Résidence automnale de mathémartistes à Angers

Du 30 octobre au 10 novembre, le laboratoire de mathématiques d’Angers a eu la joie d’accueillir deux mathématiciennes et artistes, Annalisa Panati (maîtresse de conférence à Toulon) et Coni Rojas-Molina (maîtresse de conférences à Paris-Cergy). Annalisa est écrivaine, Coni est illustratrice.

Dans les activités de recherche comme dans les activités artistiques, le temps joue un rôle essentiel. Sans un temps dédié, sans un certain havre de tranquillité, la réflexion et l’expérience sensible perdent de leur qualité et de leur profondeur. C’est pourquoi, ce fut un plaisir de soutenir leurs activités créatrices avec les fonds du projet régional de Clotilde Fermanian Kammerer, de l’Institut Universitaire de France et de la Maison des Mathématiques de l’Ouest. Une telle résidence d’artistes est, il faut le souligner, un événement singulier en France.

Entre les phases créatives des deux artistes, le programme de ces deux semaines fut dense :

  • Accueil de l’exposition “Emmy Noether, une mathématicienne d’exception” (amenée de l’Institut Henri Poincaré par les soins de Clotilde). Clotilde fait partie du comité scientifique de cette exposition, tandis que Coni en a été l’illustratrice. L’exposition est visible sur le campus du 6 novembre au 7 décembre 2023.
  • Coni a réalisé un petit fanzine reprenant les illustrations de l’exposition.
  • Répétitions de la lecture de la pièce de théâtre “Emmy s’en moque”, écrite par Annalisa. Le texte a été relu et travaillé (notamment sa traduction depuis l’italien). La lecture a eu lieu le mardi 7 novembre à 18h sur le Campus de Belle-Beille, à quelques pas de l’exposition sur Emmy Noether. Coni a également décrit son travail d’illustratrice à l’issue de la pièce.
  • Accueil de deux classes de terminale du lycée Joachim du Bellay (Angers) le 7 novembre. Que leurs enseignants, Anthony Page et Corinne Renault, soient remerciés de leur disponibilité ! Les élèves sont resté·e·s deux heures sur le campus (une heure pour découvrir l’exposition, une heure d’échange avec l’une des résidentes et moi-même). Ce fut l’occasion de discussions autour des études à l’université, des mathématiques, des parcours variés qui mènent aux mathématiques. Annalisa, Clotilde, Coni et moi avons ainsi évoqué nos différents parcours et notre vision de l’activité de mathématicien·ne. Cela a parfois suscité l’étonnement des élèves… et des enseignant·e·s et enseignant·e·s-chercheur·e·s présent·e·s. Cet étonnement a eu un je-ne-sais-quoi de réjouissant ; il a fait vivre les discussions. Cela souligne, je crois, l’importance d’exposer les jeunes générations, notamment les jeunes femmes, à une multitude de non-exemples, si on peut dire, mais aussi à des genres variés (dans tous les sens du terme).
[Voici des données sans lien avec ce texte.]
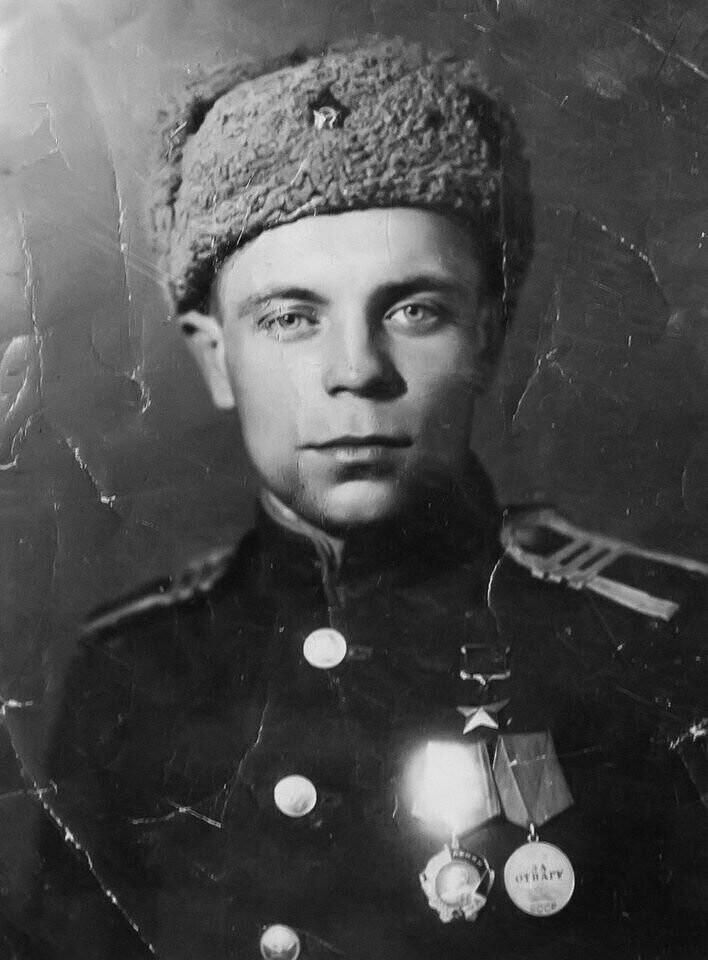 Герой Советского Союза командир отделения телефонно-кабельного взвода Павел Яковлевич Гурьянов (1918 — 1960).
Ce séjour a permis de commencer à concevoir le chapitrage d’un nouveau Document-BD et les grandes lignes d’un scénario. Annalisa a aussi commencé une phase de documentation en vue d’une pièce de théâtre sur une célèbre mathématicienne, tandis que Coni a pu mener un travail graphique sur une nouvelle BD et sa traduction française. Mais… je n’en dis pas plus !

Peu après le départ de nos deux artistes, l’exposition Emmy Noether a été officiellement inaugurée, conjointement à celle des œuvres de l’artiste plasticien, Yan Bernard.

Pour conclure ce billet, je ferai un dernier commentaire plus personnel. Mon lecteur ou ma lectrice anonyme n’aura pas manqué de remarquer la prépondérance du féminin dans ces activités artistiques. Ce n’est pas un hasard : c’est un choix. C’est le même choix qui a mené à l’organisation annuelle des Lectures Sophie Kowalevski depuis 2021 (en souvenir d’une brillante mathématicienne, écrivaine et voyageuse). Exister, c’est insister, comme on dit ! Garantir l’accès aux sciences pour tou·te·s, quel que soit le genre ou l’origine sociale, est incontournable si l’on souhaite vraiment un développement juste et efficace des sciences, mais aussi, tout simplement, une société plus humaine.